GeoMesa NiFi Quick Start
========================
This tutorial provides an example implementation for using GeoMesa with
NiFi. This walk-through will guide you in setting up the components
required for ingesting GDELT files into GeoMesa.
Prerequisites
-------------
This tutorial uses `Docker `_, and assumes a Linux OS.
About this Tutorial
-------------------
This quick start operates by reading CSV files from the local filesystem, and writing them to GeoMesa
Parquet files using the PutGeoMesa processor.
Download the GeoMesa NiFi NARs
------------------------------
First, we will download the appropriate NARs.

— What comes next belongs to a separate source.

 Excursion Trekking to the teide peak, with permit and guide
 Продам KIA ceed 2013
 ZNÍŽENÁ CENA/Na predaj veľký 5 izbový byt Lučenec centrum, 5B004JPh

Full instructions are available under :ref:`nifi_install`, but
the relevant sections are reproduced here. For this tutorial, we will be using three NARs:
* ``geomesa-datastore-services-nar``
* ``geomesa-datastore-services-api-nar``
* ``geomesa-fs-nar``
This tutorial will use the GeoMesa FileSystem data store to avoid external dependencies, but any other back-end
store can be used instead by changing the ``DataStoreService`` used.
First, set the version to use:
.. parsed-literal::
export TAG="|release_version|"
export VERSION="|scala_binary_version|-${TAG}" # note: |scala_binary_version| is the Scala build version
.. code-block:: bash
mkdir -p ~/gm-nifi-quickstart/extensions
cd ~/gm-nifi-quickstart
export NARS="geomesa-fs-nar geomesa-datastore-services-api-nar geomesa-datastore-services-nar"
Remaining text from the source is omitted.